Prompt:
Look below for the line with "Legs - Black"; begin the copy there and stop after the line with "Rating: Safe Score: 0", keeping the text exact and the pictures out.

Input data:
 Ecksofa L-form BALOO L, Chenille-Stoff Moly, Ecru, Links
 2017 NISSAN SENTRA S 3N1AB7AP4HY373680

---

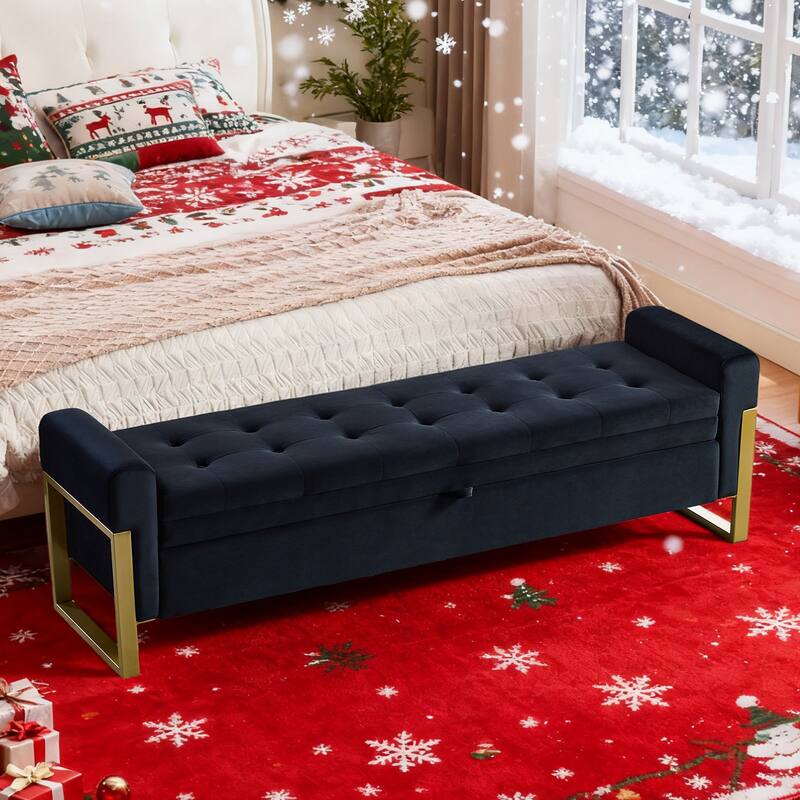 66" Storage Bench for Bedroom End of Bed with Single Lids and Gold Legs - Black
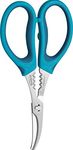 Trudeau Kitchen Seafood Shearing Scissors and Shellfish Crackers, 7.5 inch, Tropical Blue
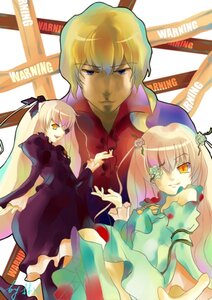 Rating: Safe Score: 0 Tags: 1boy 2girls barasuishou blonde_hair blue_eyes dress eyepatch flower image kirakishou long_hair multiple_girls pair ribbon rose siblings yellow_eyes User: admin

--

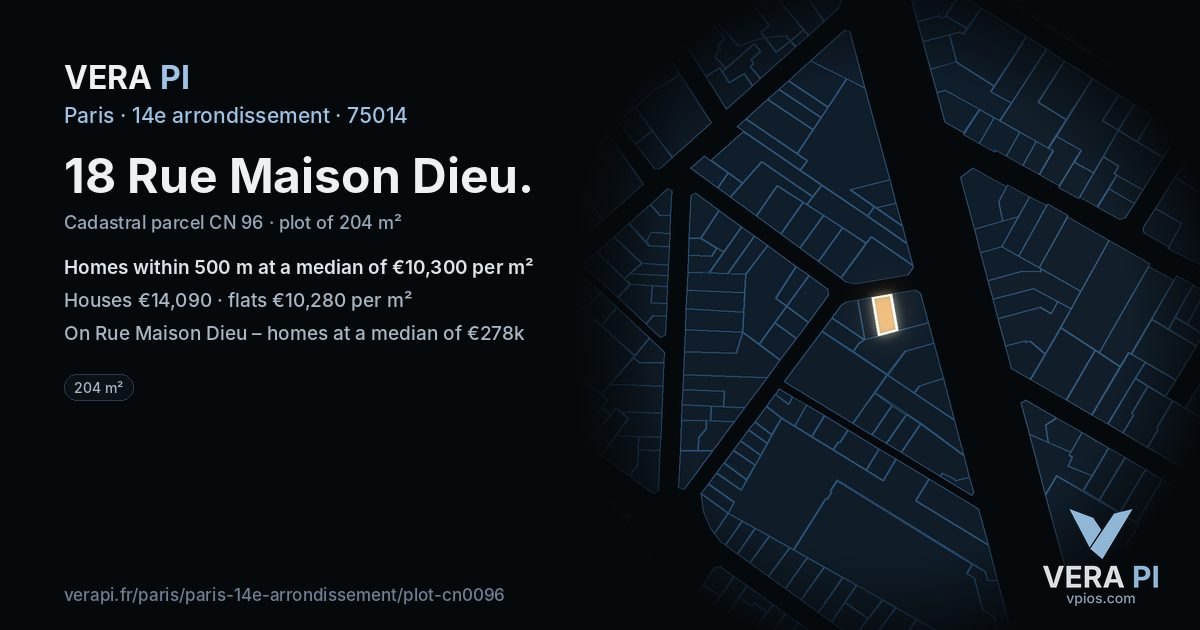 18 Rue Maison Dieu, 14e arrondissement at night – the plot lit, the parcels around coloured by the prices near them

Answer to the exercise:
 66" Storage Bench for Bedroom End of Bed with Single Lids and Gold Legs - Black
 Trudeau Kitchen Seafood Shearing Scissors and Shellfish Crackers, 7.5 inch, Tropical Blue
 Rating: Safe Score: 0 Tags: 1boy 2girls barasuishou blonde_hair blue_eyes dress eyepatch flower image kirakishou long_hair multiple_girls pair ribbon rose siblings yellow_eyes User: admin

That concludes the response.